Memorial Sloan Kettering Cancer Center researchers, led by first-author
Sarah Borderud, claimed on September 22, 2014, that e-cigarettes did not help
cancer patients quit smoking (media story here). They based that statement on a study they published online in Cancer, a journal of the American
Cancer Society (abstract here).
The researchers had enrolled 1,074 cancer patients in a smoking
cessation program. They subsequently found
that “E-cigarette users were as likely to be smoking at the time of follow-up
as nonusers (odds ratio, 1.0; 95% confidence interval, 0.5-1.7).”
Upon reading the study, I found a significant error: the
main results table reported the exact opposite of the text. On October 16, I submitted a letter to the Cancer editor, co-signed by my colleagues
Nantaporn Plurphanswat and Carl Phillips, requesting a correction.

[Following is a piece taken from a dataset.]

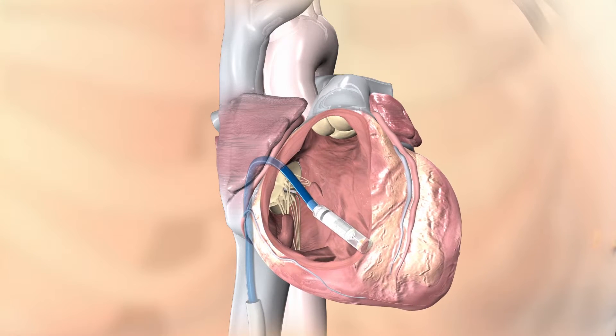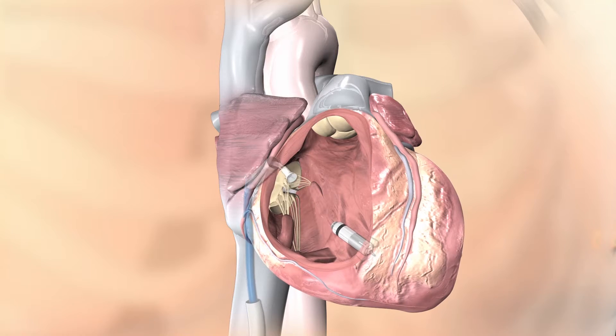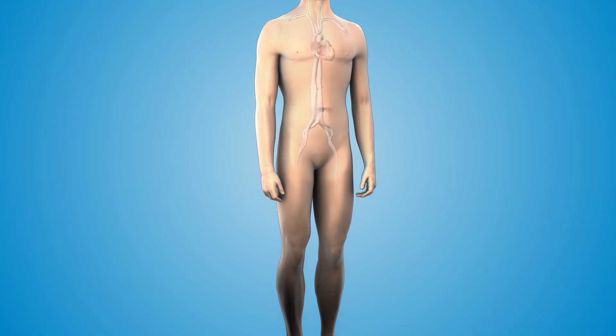The Micra Transcatheter Pacing System is attached inside the heart with small tines that secure the device, which delivers electrical pulses when needed to pace the heart. It does not require a surgical incision or the creation of a pocket under the skin, which eliminates any visible sign of the device and a potential source of complications.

Six weeks later, on November 25, a correction was published
on the Cancer website. It said: “The authors discovered some
errors…in Table 2.” The circumstances
strongly suggest that the authors didn’t “discover” the errors, we did. The journal office had our letter on October 16,
six weeks before the correction appeared.
Our letter, published online on March 4 (here), described other problems with the study; one is particularly important. Borderud et al. claimed: “Using an intention-to-treat
analysis, E-cigarette users were twice as likely to be smoking at the time of
follow-up as nonusers (odds ratio, 2.0; 95% confidence interval, 1.2-3.3).” In other words, e-cigarettes were harmful.
They reached this striking result by assuming that anyone
lost during follow-up had continued to smoke.
We pointed out that “Smokers who were E-cigarette users were twice as
likely to be lost to follow-up as the other smokers (66% vs 32%)… The
conclusion that E-cigarette users were twice as likely to be smoking is purely
an artifact of the assumption. An equally plausible counter-assumption is that dropouts left the program because they had
quit smoking...” They didn’t
consider this possibility, but they should have.
Carl Phillips’ goes into more detail about the technical
irregularities here.
1 comment:
Absolutely shameful!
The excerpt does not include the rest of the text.